Regression snippets

Python data science coding reference from investigate.ai

Linear Regression

Using formulas

We're using statsmodels to perform our regression. They have a nice formula-based method that looks a lot like R.

Here we're using a basketball players' height and weight to predict the number of points scored, using ordinary least-squares regression. There's a lot more detail on formulas here.

import statsmodels.formula.api as smf

# regression for points as relates to height and weight
model = smf.ols('points ~ height + weight', data=df)
results = model.fit()

results.summary()

Using dataframes

To perform a regression using a whole dataframe, you need two variables:

  • X - your features/inputs
  • y - the outputs you're predicting

Drop the column you're predicting when creating X, and then save that column as y. You probably want sm.add_constant unless your output is zero when all your inputs are zero.

I almost never use the dataframe version, the formula version (see above) is much nicer.

In this case, df is a dataframe with columns height, weight and points. You're predicting points using height and weight.

import statsmodels.api as sm

# predicting points using all other columns
X = df.drop('points', axis=1)
y = df.points

# add_constant is automatic in the formula version
# but for dataframes we need to do it manually
model = sm.OLS(y, sm.add_constant(X))
results = model.fit()

results.summary()

Prediction residuals

The residual or error is the difference between the actual value and the predicted value. After you've fit a model, you can just pull the residual from results.resid and send it right back into your dataframe.

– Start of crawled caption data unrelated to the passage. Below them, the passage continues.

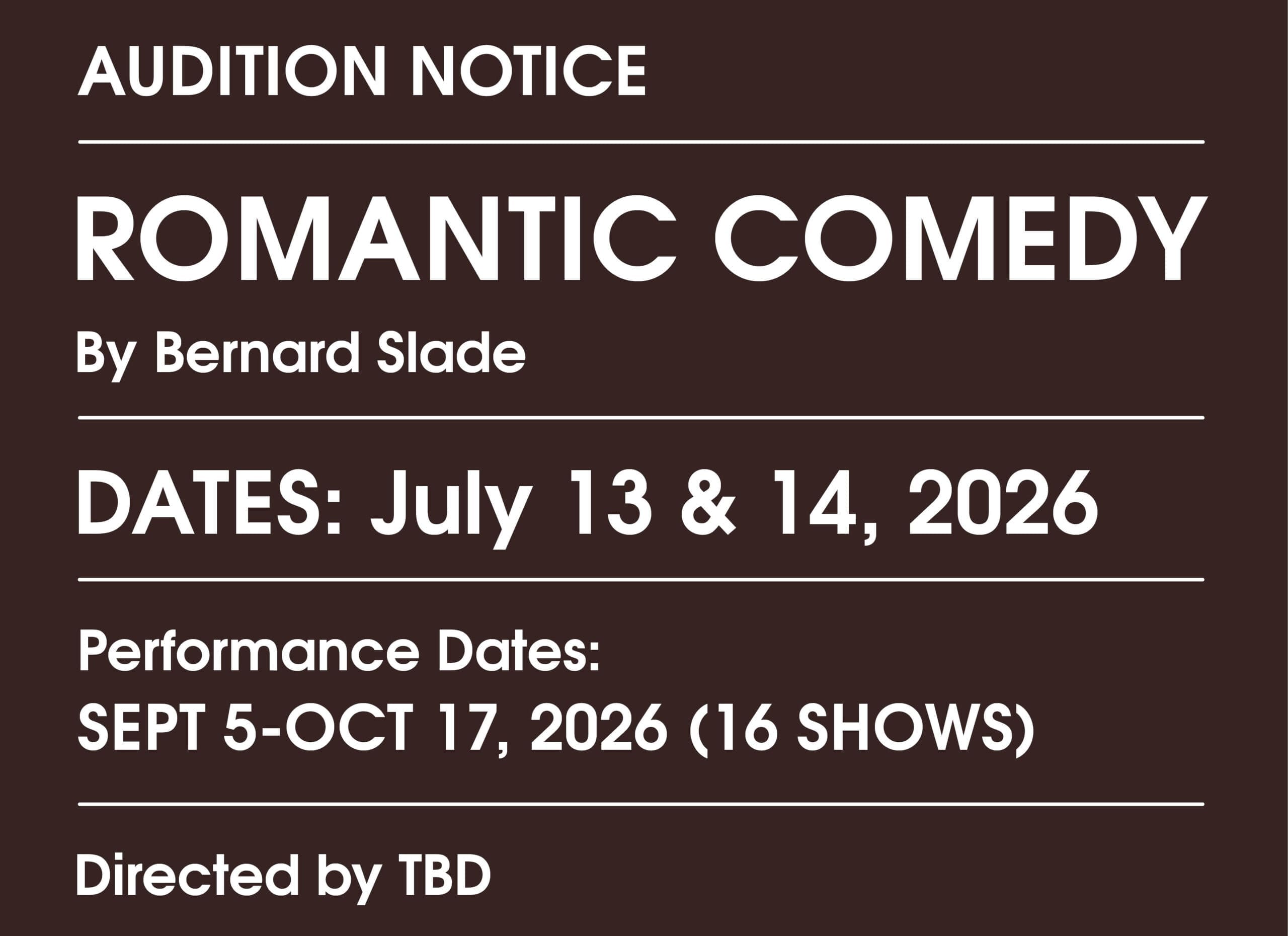 Audition Notice: ROMANTIC COMEDY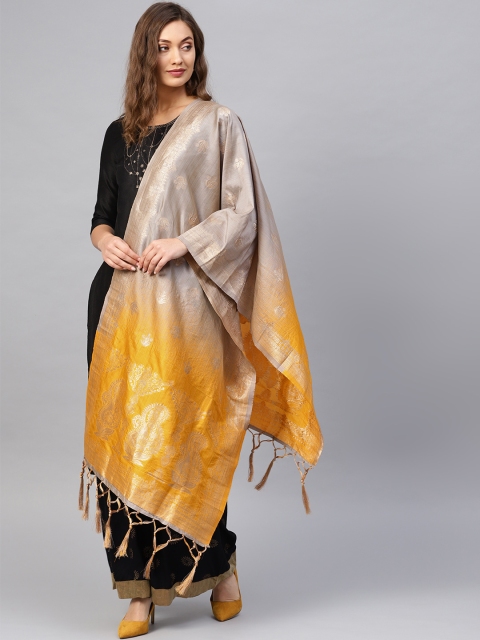 

Sutram Grey & Golden Zari Woven Design Banarasi Dupatta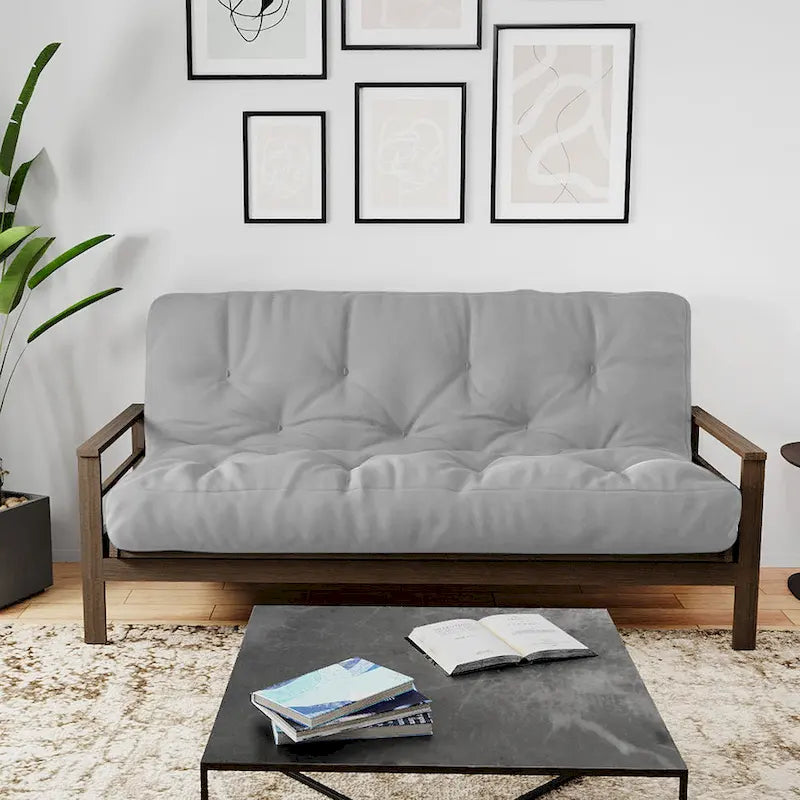Futon Sofa Bed with Wood Frame and Gel Memory Foam Mattress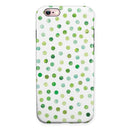 Green Watercolor Dots over White iPhone 6/6s or 6/6s Plus 2-Piece Hybrid INK-Fuzed Case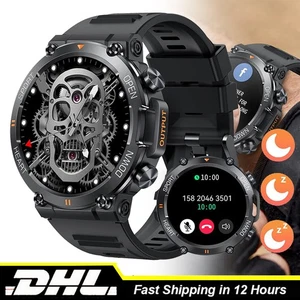 Android Smartwatch Herren Taktisch Militär Bluetooth Anruf Blutdruck Fitness DE - Bild 1 von 14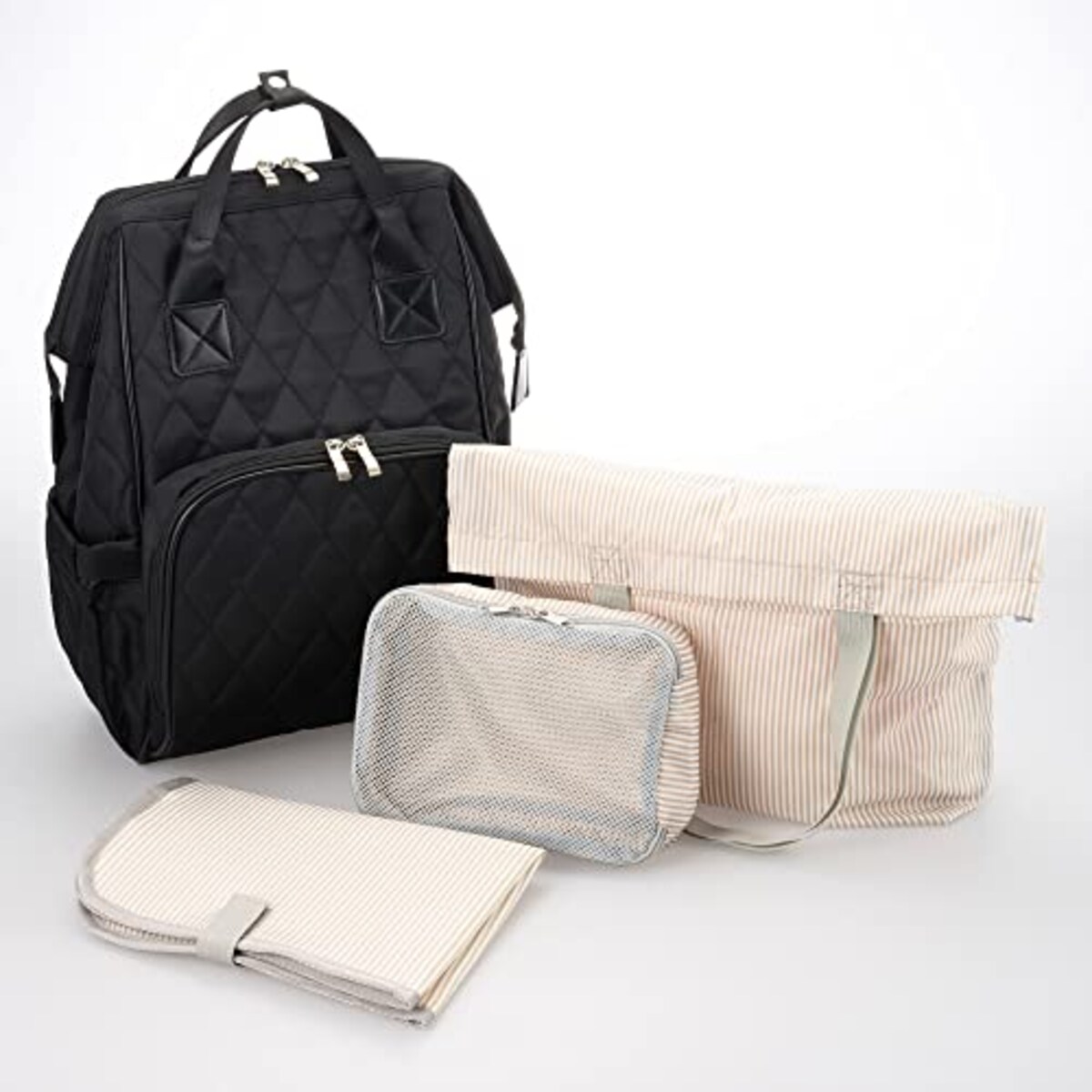  ハクバ HAKUBA マザーズバッグ MOTHERLY BAG GAMAGUCHI AMZMTHG がま口タイプで中身が見やすい 14リットル トートバッグ、おむつ替えシート、メッシュポーチ付きの4点セット ママバッグ リュック バックパック 大容量 保温機能 撥水生地採用 ベビーカー用ストラップ付 ブラック画像15 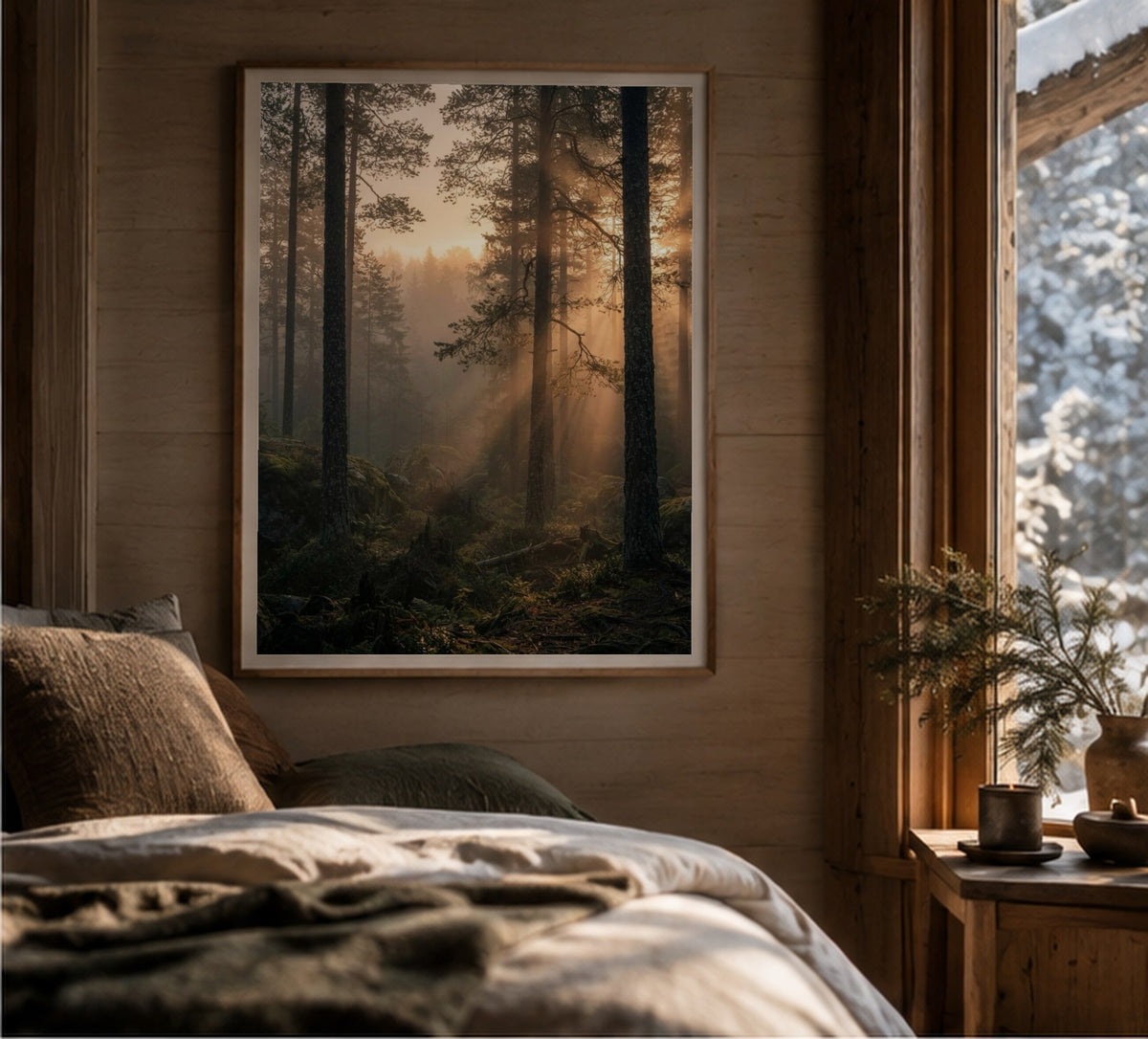 Midnight Sun Through the Trees art print, shown framed for inspiration in a wooden cabin bedroom
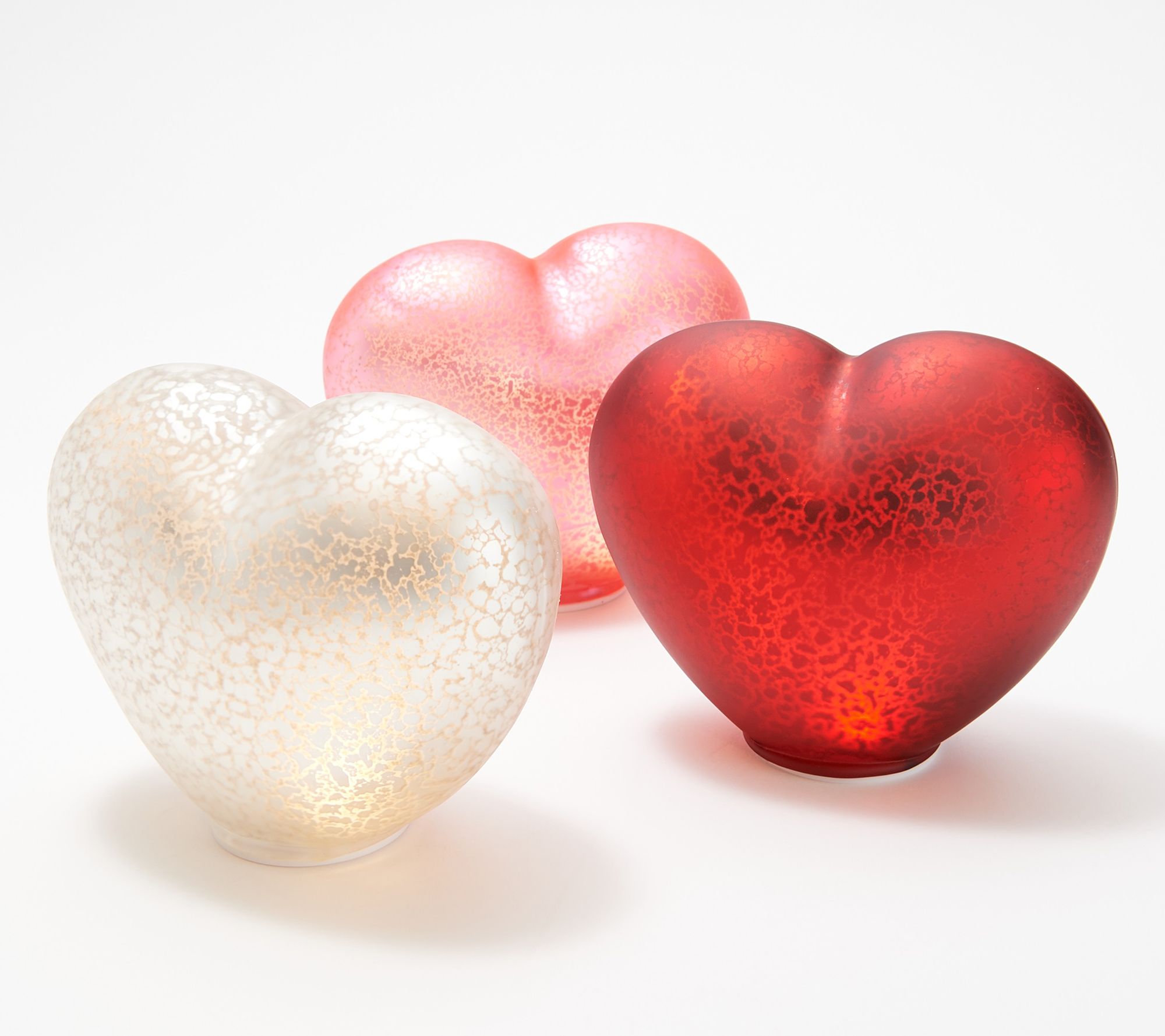"As Is" Set of 3 Illuminated Mercury Glass Hearts by Valerie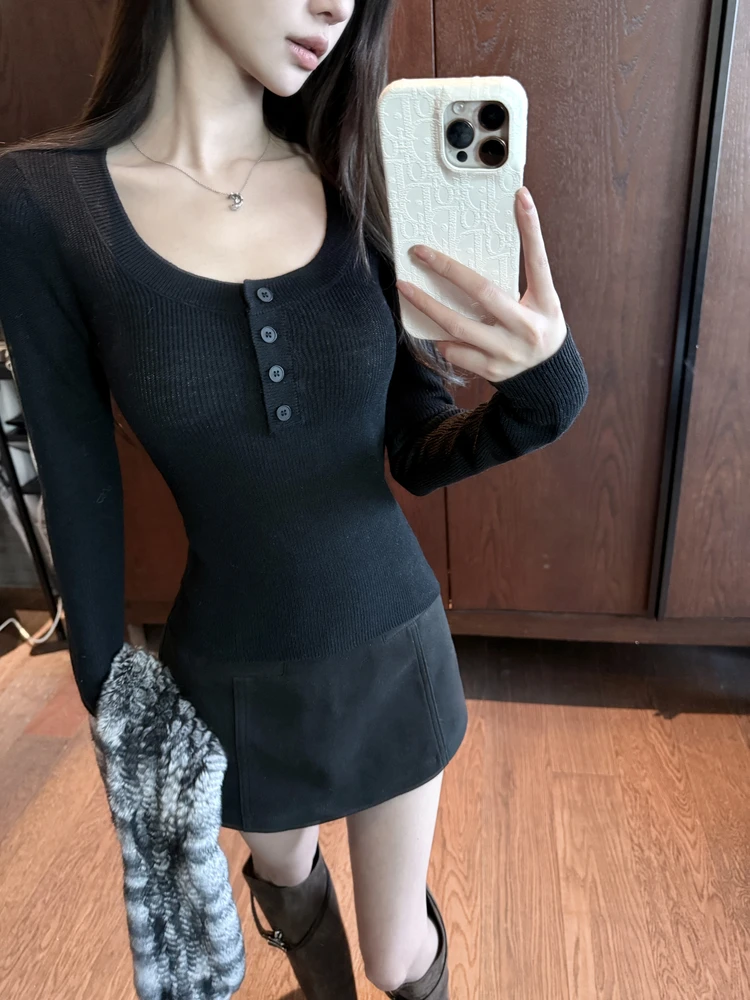 

one mat Long Sve U-Ne Button Knitted T-irt Women's Base Layer Top Wool Blend Polyester Nylon High Waist Comm...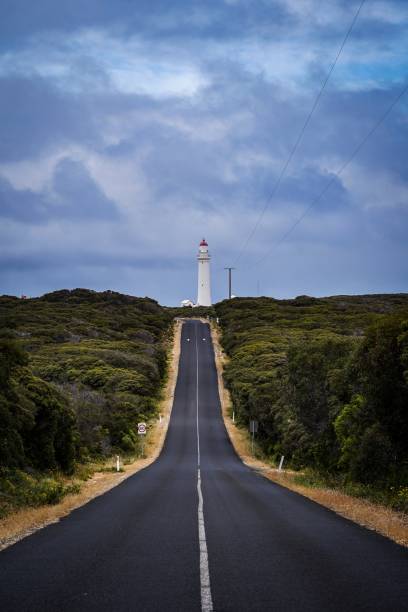 View of the Cape Nelson Lighthouse near Portland on a cloudy day, Victoria, Australia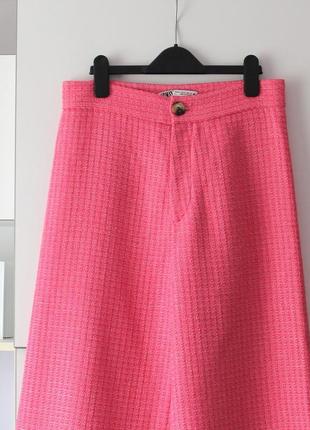 Рожеві твідові брюки кюлоти від zara8 фото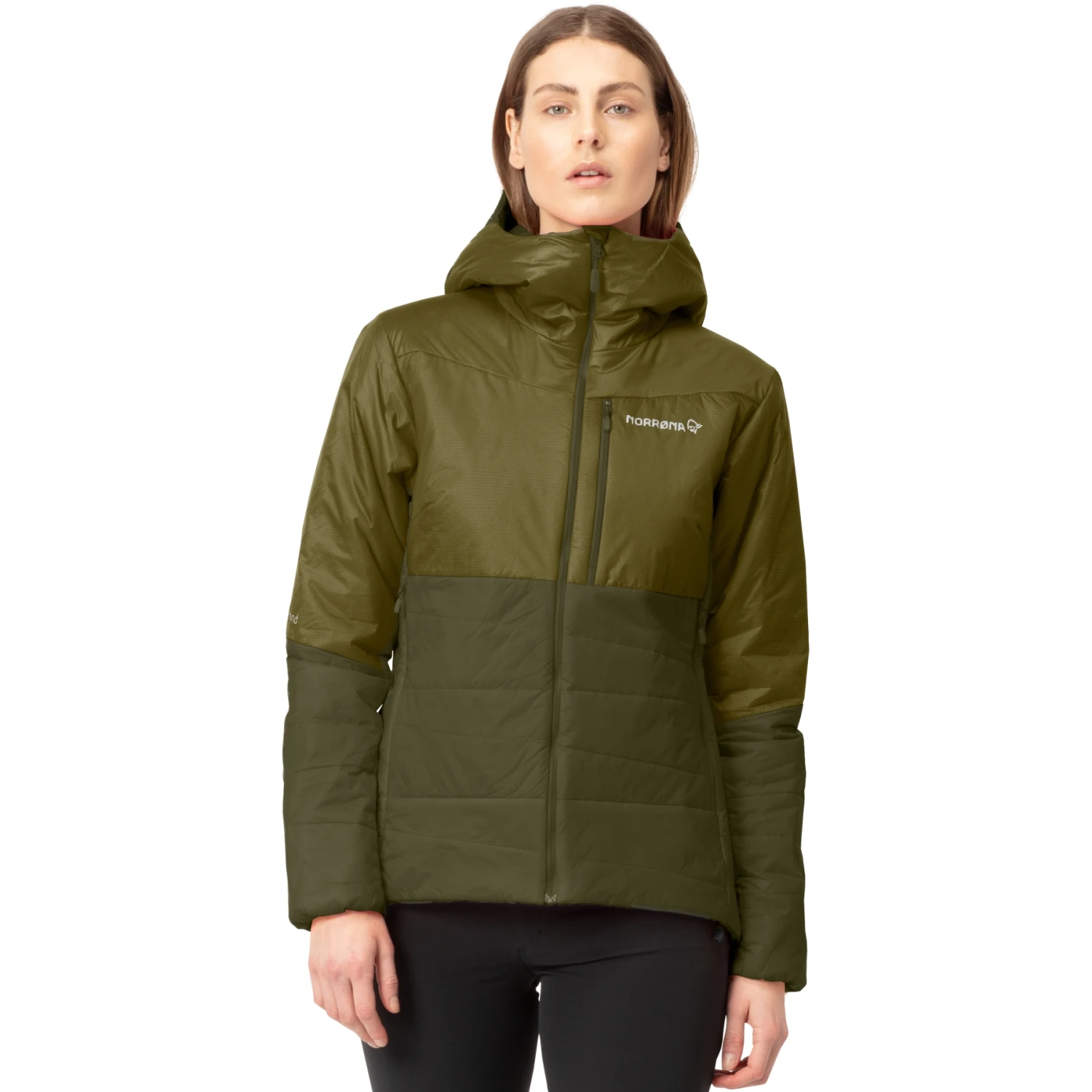 Norrona Giacca Donna - Falketind Thermo60 Hood - Olive Drab/Olive Night 3 Norrona Giacca Donna - Falketind Thermo60 Hood - Olive Drab/Olive Night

In this case you'll get the number of points above or below the predicted score. If someone scored 12 points but it was predicted that they'd score 14, the residual would be -2.

import statsmodels.formula.api as smf

# regression for points as relates to height and weight
model = smf.ols('points ~ height + weight', data=df)
results = model.fit()

# store residual in new column of original dataframe
df['residual'] = results.resid

Error standard deviation

Instead of judging the residual by its raw amount, it might be useful to see how many standard deviations away from the mean it is. That's useful for finding rows that performed much better or worse than predicted.

If someone scored 12 points but it was predicted that they'd score 14, the residual would be -2, but it might be -0.5 standard deviations from the mean. If you're interesting in finding cheaters, you might look for people with an error over 3 standard deviations.

import statsmodels.formula.api as smf

model = smf.ols('points ~ height + weight', data=df)
results = model.fit()

# store residual standard deviation in
# new column of original dataframe
df['error_std_dev'] = results.resid / np.sqrt(results.mse_resid)

Logistic Regression

Using formulas

Use an applicant's SAT score and GPA to predict acceptance to a college. There's a lot more detail on formulas here.

import statsmodels.formula.api as smf

# regression for acceptance as relates to SAT score and gpa
model = smf.logit('acceptance ~ sat_score + gpa', data=df)
results = model.fit()

results.summary()

Using dataframes

To perform a regression using a whole dataframe, you drop the column you're predicting when creating X (your features), and then save that column as y (predicted value). You probably want sm.add_constant unless your output is zero when all your inputs are zero.

I've given up on the dataframe version for the formula version, it's much nicer.

In this case, df is a dataframe with columns sat_score, gpa and acceptance. You're predicting acceptance using sat_score and gpa.

import statsmodels.api as sm

# predicting acceptance using all other columns
X = df.drop('acceptance', axis=1)
y = df.points

# add_constant is automatic in the formula version
# but for dataframes we need to do it manually
model = sm.Logit(y, sm.add_constant(X))
results = model.fit()

results.summary()

Odds ratios

We'll convert the log odds ratio to an odds ratio using np.exp, and carry along the p-value because we're feeling extravagant.

coefs = pd.DataFrame({
    'coef': results.params.values,
    'odds ratio': np.exp(results.params.values),
    'pvalue': results.pvalues,
    'name': results.params.index
})
coefs

Formula tricks

Using categories

Find what role height, weight, and position play in determining how many points a player will score. The position column will be treated as a category, with each position being judged separately.

import statsmodels.formula.api as smf

model = smf.ols(
  'points ~ height + weight + C(position)', 
  data=df)

results = model.fit()
results.summary()

Using categories + reference

The position column will be treated as a category, with each position being judged separately. By providing a reference category, each other position will be judged in relation to that category. For example, "Centers score twice as many points as point guards."

import statsmodels.formula.api as smf

model = smf.ols(
  'points ~ height + weight + C(position, Treatment("Point Guard"))', 
  data=df)

results = model.fit()
results.summary()

Math calculations

If height were in inches and we'd prefer to see feet in our regression, we can use np.div to divide height by 12. No need to create a new column!

We can also convert weight to be in increments of 10 pounds instead of single pounds. This is useful in situations like using median income as an input: a single dollar probably has little effect, but you can easily np.div(income, 10000) to look at $10,000 increases.

import statsmodels.formula.api as smf

model = smf.ols(
  'points ~ np.div(height, 12) + np.div(weight, 10)', 
  data=df)

results = model.fit()
results.summary()